What to produce.
Every line from the one containing "Paulmi & Harsh" to the one containing "Diagram showing extended" in the records below, both included, must be set down exactly, and no other line.

Listed records.
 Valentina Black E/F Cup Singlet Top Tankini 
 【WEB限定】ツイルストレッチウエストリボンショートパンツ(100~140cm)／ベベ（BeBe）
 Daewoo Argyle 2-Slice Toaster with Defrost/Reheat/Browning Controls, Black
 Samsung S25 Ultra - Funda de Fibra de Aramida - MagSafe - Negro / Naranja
---
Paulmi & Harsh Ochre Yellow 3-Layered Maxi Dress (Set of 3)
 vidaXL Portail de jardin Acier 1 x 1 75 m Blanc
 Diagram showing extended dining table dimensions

Result.
Paulmi & Harsh Ochre Yellow 3-Layered Maxi Dress (Set of 3)
 vidaXL Portail de jardin Acier 1 x 1 75 m Blanc
 Diagram showing extended dining table dimensions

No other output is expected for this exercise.